Manjeet Rege headshot.
Liam James Doyle/University of St. Thomas

In the News: Manjeet Rege on Building an AI-Ready Data Strategy

Manjeet Rege, professor and chair of the Department of Software Engineering and Data Science at the University of St. Thomas School of Engineering and director of the Center for Applied Artificial Intelligence, spoke with CIO on why organizations must modernize their data strategies to successfully support enterprisewide artificial intelligence initiatives.

From the article:
IBM’s data strategy for the AI era included multiple changes to longstanding approaches, enabling it to build what (Vice President and Chief Data Officer Ed) Lovely calls an integrated enterprise data architecture. For example, the company retained the concept of data owners but “helped them understand that the data is an IBM asset, and if we’re able to democratize it in a controlled, secure way, we can run the business in a better, more productive way,” Lovely says.

As a result, IBM moved from multiple teams managing siloed data to a common team using common standards and common architectures. Enterprise leaders also consolidated 300 terabytes of data, selecting needed data based on the outcomes the company seeks and the workflows that drive those outcomes. ...
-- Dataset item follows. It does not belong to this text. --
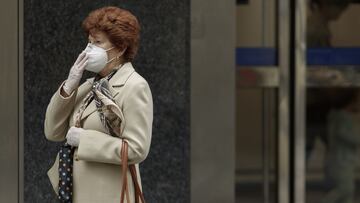 Una mujer camina con una mascarilla por la capital donde desde este pasado lunes las 2.882 farmacias madrileñas han entregado de forma gratuita siete millones de mascarillas FFP2 modelo KN95 entre la población de la Comunidad de Madrid (Foto de archivo).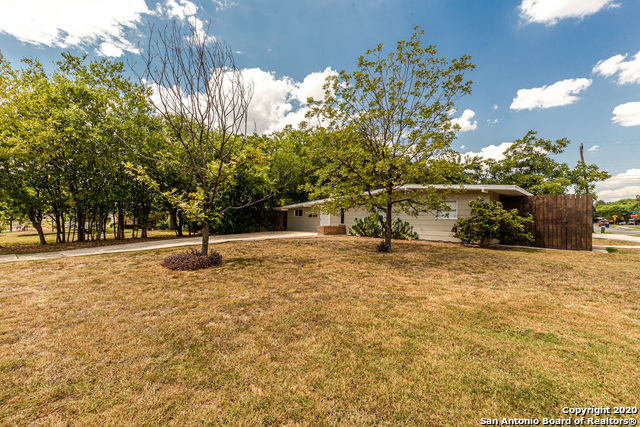 Building Photo - 103 Dalehurst Dr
  1. Rethink Data Ownership

“Traditional models that treat data ownership as a purely IT issue no longer work when business units, product teams, and AI platforms are all generating and transforming data continuously,” (research manager for IDC’s Global DataSphere) Adam Wright explains. “Ideally, clear accountability should sit with a senior data leader such as a CDO, but organizations without a CDO must ensure that data governance responsibilities are explicitly distributed across IT, security, and the business.”

It’s critical to have “a single point of authority for defining policies and a federated model for execution, so that business units remain empowered but not unchecked,” he adds.

Manjeet Rege, professor and chair of the Department of Software Engineering and Data Science and director of the Center for Applied Artificial Intelligence at the University of St. Thomas, advises organizations to reframe data owners as data stewards, who don’t own the data but rather own the meaning and quality of the data based on standards, governance, security, and interoperability set by a central data function.